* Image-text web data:
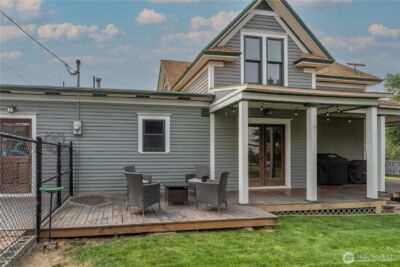 407 W 4th Avenue , Ritzville, WA 99169 - Photo 4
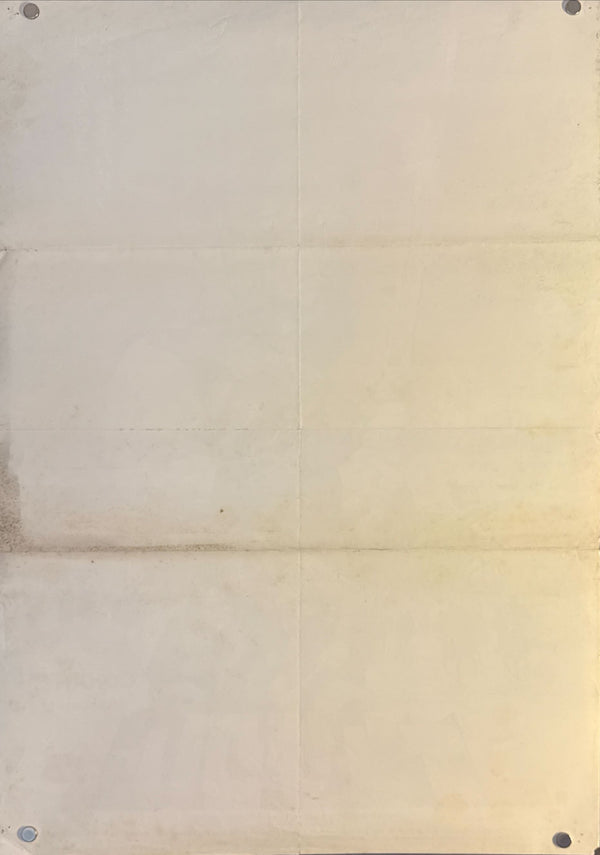 "Conan the Barbarian", Original Release Japanese Movie Poster 1982, B2 Size (51 x 73cm) N218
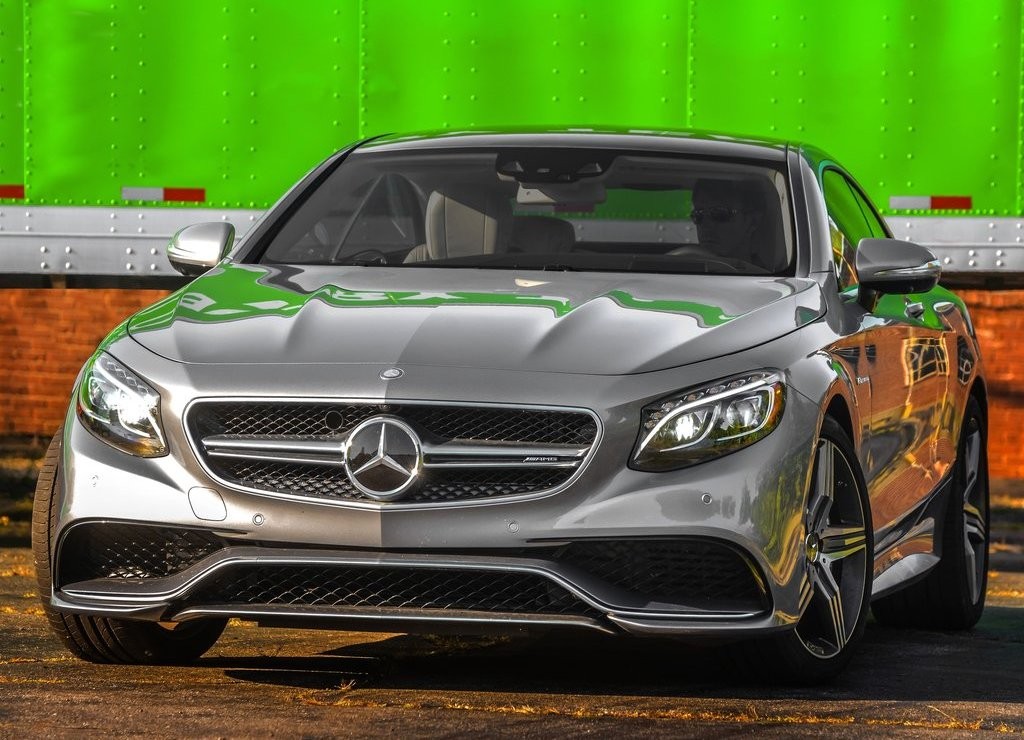 MERCEDES-AMG S 63 COUPE: CLASSE, ESPORTIVIDADE E POTÊNCIA, foto 15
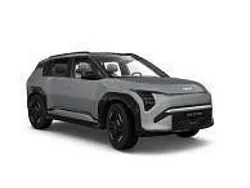Shale grey (grijs metallic) Nieuw 2025 Kia EV3 4 SUV | € 45.990 (Eerlijke prijs)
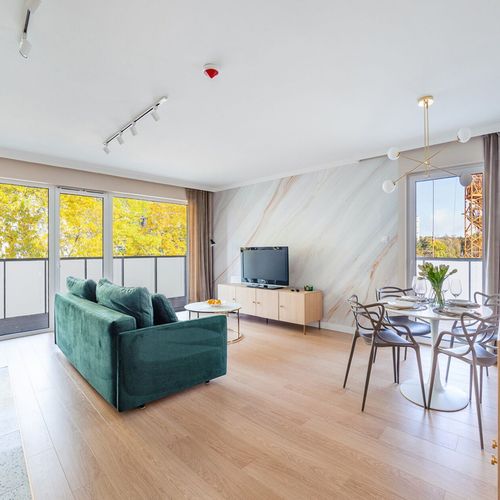 Apartament 4-osobowy 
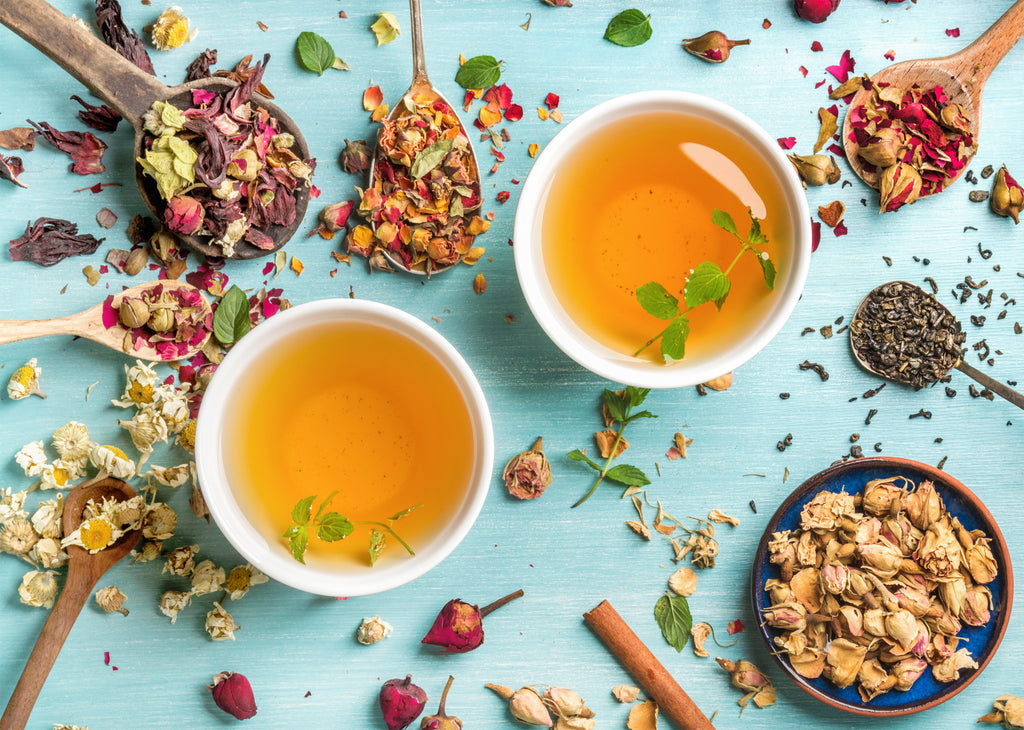 The Best Teas for Glowing Skin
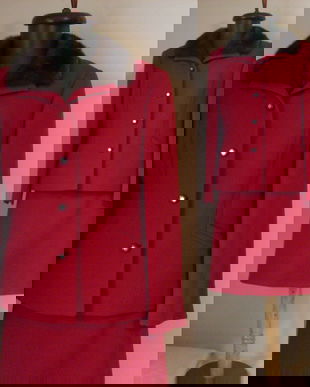 COSTUM LANA SI BLANA NATURALA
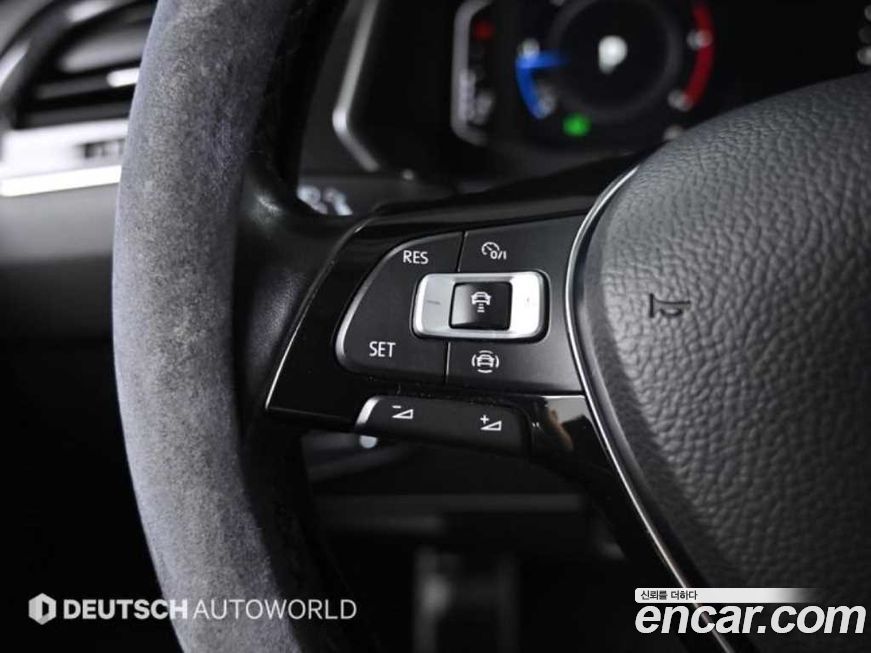 Volkswagen Tiguan 2020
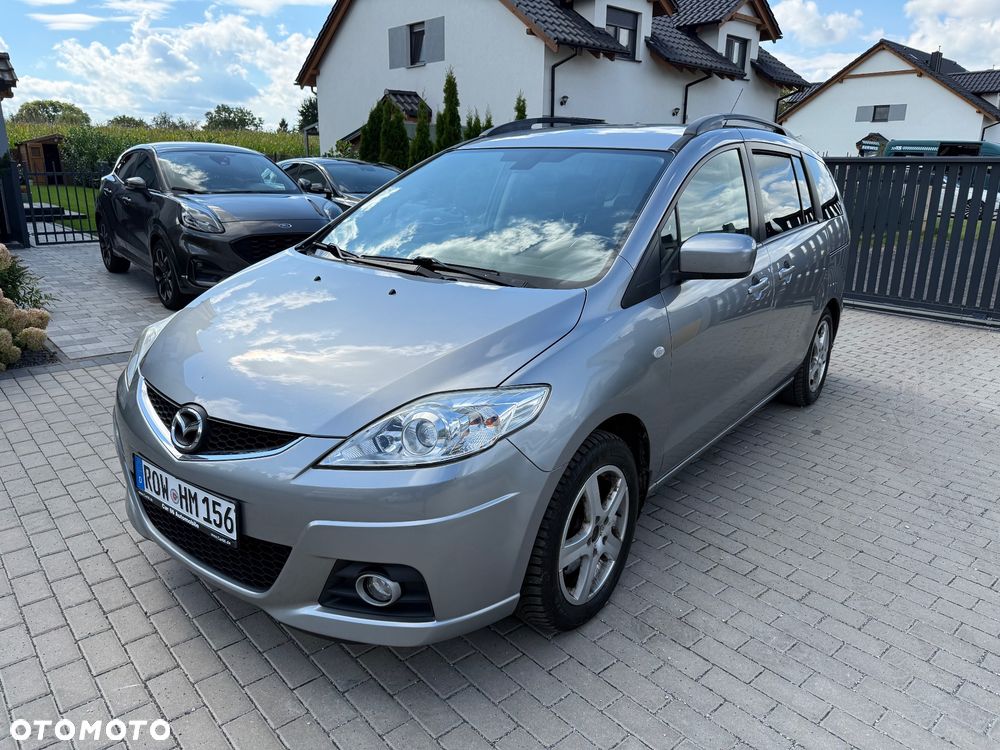 Mazda 5 1.8 Comfort - 1
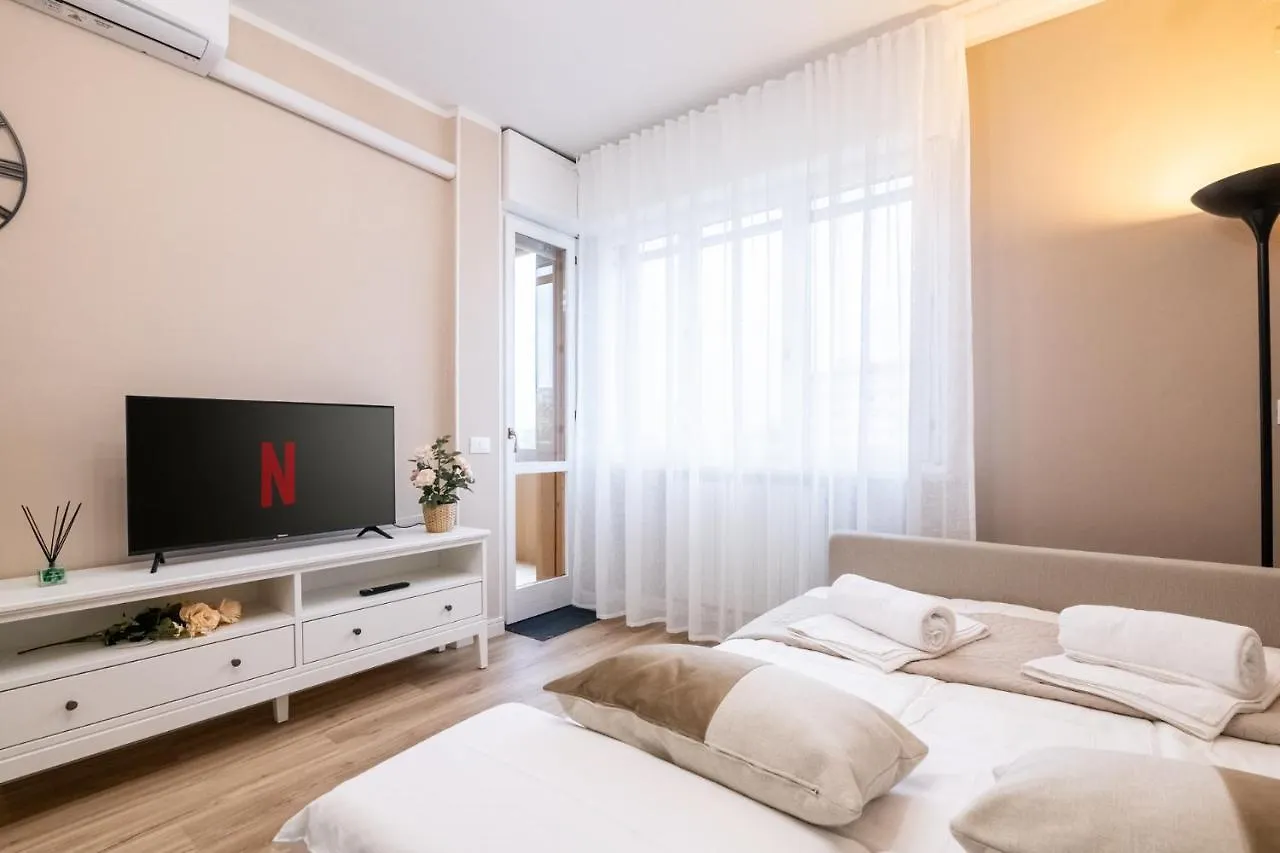 Kristel House Cisanello, Free Parking Apartamento Pisa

* What is needed:
Copy out exactly the lines between the line containing "Apartament 4-osobowy" and the end of the entries, including both, and leave the pictures behind.

* Solution to this task:
 Apartament 4-osobowy 
 The Best Teas for Glowing Skin
 COSTUM LANA SI BLANA NATURALA
 Volkswagen Tiguan 2020
 Mazda 5 1.8 Comfort - 1
 Kristel House Cisanello, Free Parking Apartamento Pisa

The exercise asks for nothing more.